Nesta edição de setembro de 2026, celebramos as oportunidades que surgem e se consolidam no espaço subterrâneo. Preparamos uma publicação rica em conteúdo, a qual reflete a esperança por um futuro promissor e por um país com estrutura melhor.
A participação recente na feira Exposibram representou um marco. A Pedra Branca montou um estande de destaque, realizou aportes expressivos e despontou como uma das protagonistas do evento. Para dimensionar o alcance do setor, basta observar uma curiosa quebra de paradigma no chamado "país do futebol": durante a feira, ocorria o maior clássico do estado, entre os times Atlético e Cruzeiro, no principal estádio da região. O público presente à Exposibram superou a lotação da arena esportiva, fato que evidencia o atual foco do desenvolvimento nacional.

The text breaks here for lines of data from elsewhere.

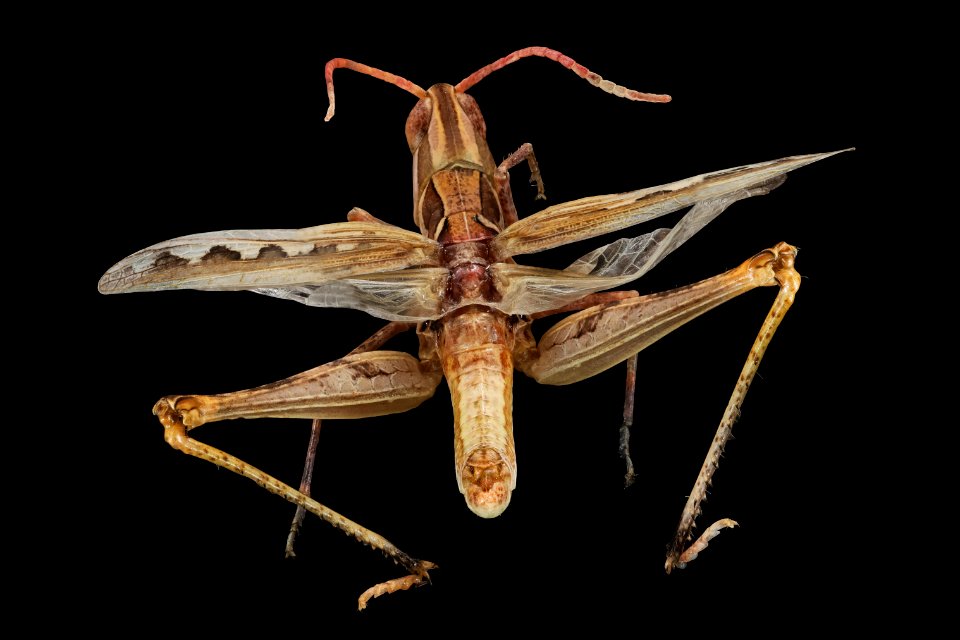 Cordillacris crenulata (top view)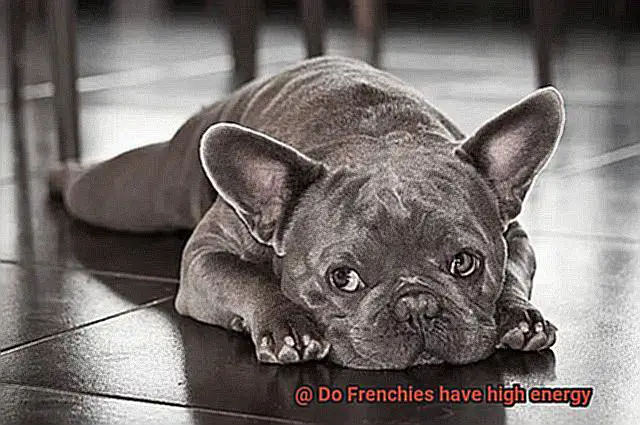 Do Frenchies have high energy-2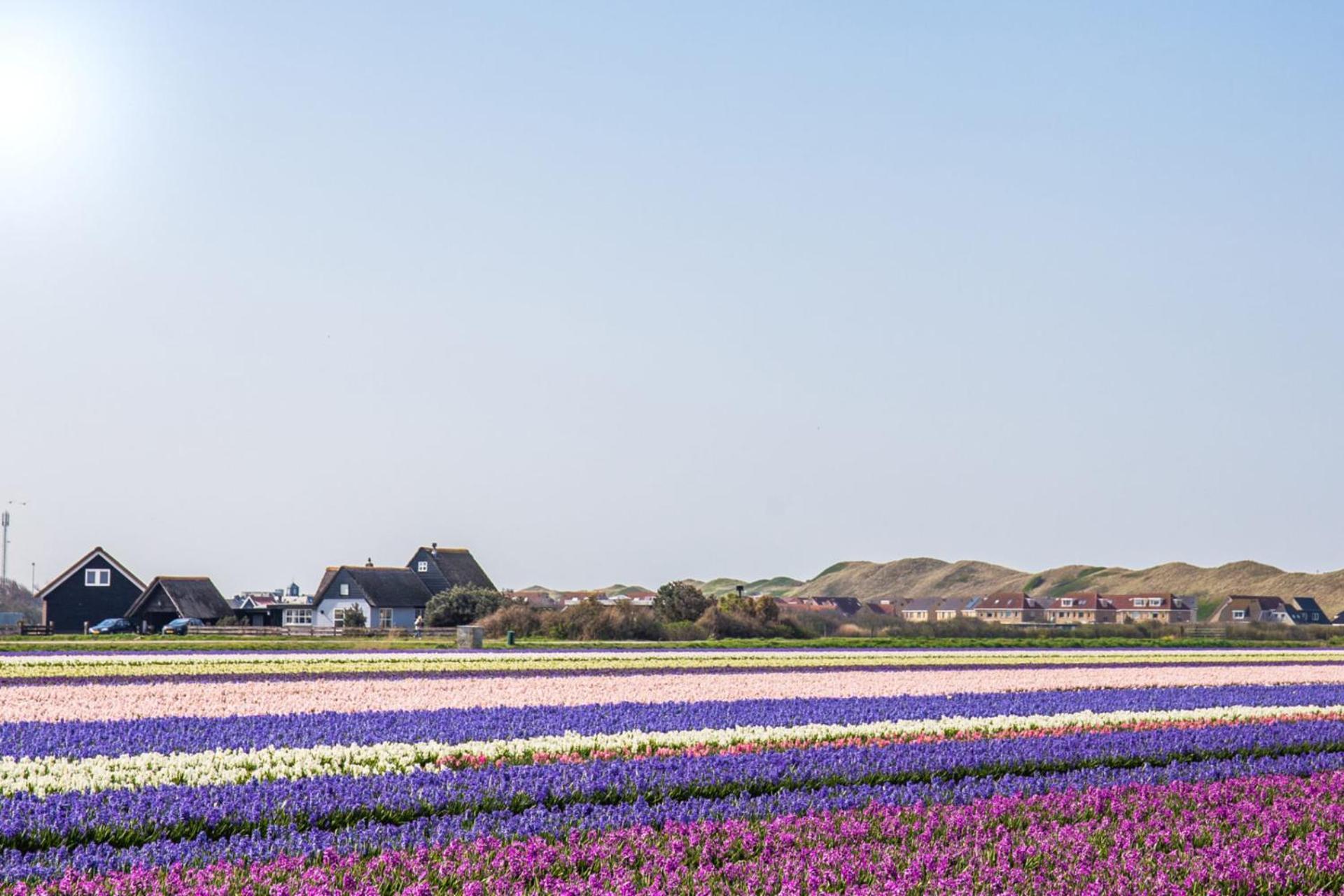 Beach Appartement 14 - Aan De Duinen, Callantsoog Aan Zee Eksteriør bilde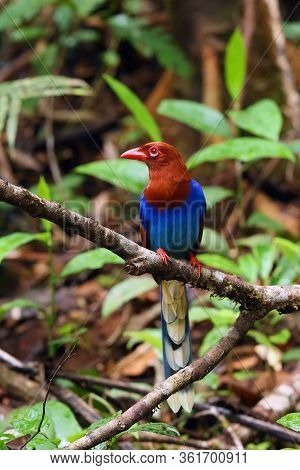 The Sri Lanka Blue Magpie Or Ceylon Magpie (urocissa Ornata) Sitting On The Branch Middle Of The Rai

Com o intuito de aprofundar essa discussão, trazemos uma entrevista com Pablo Cesári, diretor-presidente do Ibram. O executivo ressalta que, hoje, apenas 4% das operações de mineração ocorrem debaixo da terra. Diante da alta demanda por minerais essenciais à vida moderna, a mineração subterrânea apresenta-se como a principal solução para aumentar a extração de forma sustentável, com capacidade de aliar o crescimento econômico à preservação ambiental.
Também conversamos com Eloi Palma Filho, diretor substituto do Dnit e ex-presidente do CBT (Comitê Brasileiro de Túneis). Ele esclarece o salto de progresso proporcionado pelas estruturas subterrâneas, em especial aquelas destinadas ao transporte ferroviário de cargas e de passageiros. O custo-benefício dessas obras é substancial, o que leva à reflexão fundamental do setor: "Quanto custa não construir túneis?".
Países e cidades que investem nessas soluções colhem amplas vantagens socioambientais. Há ganhos em saúde, em eficiência, em produtividade, em economia de tempo e em valorização das áreas de superfície. Trata-se de um investimento cujo retorno aos cofres públicos e à sociedade ocorre em menos de dez anos.
Em contrapartida, o custo da falta de infraestrutura adequada é alto. Conforme atestam as enchentes em Porto Alegre e os desastres naturais no Nepal, a ausência de obras preventivas resulta em prejuízos econômicos e, sobretudo, em perdas humanas irreparáveis.
Para apoiar tais reflexões, fortalecer o ecossistema do setor e manter a proximidade com os leitores, anunciamos a criação da Comunidade PBEsc no WhatsApp. O objetivo desse novo canal é reforçar nossos laços, debater ideias e, em conjunto, transformar a sociedade.
Uma excelente leitura e um forte abraço.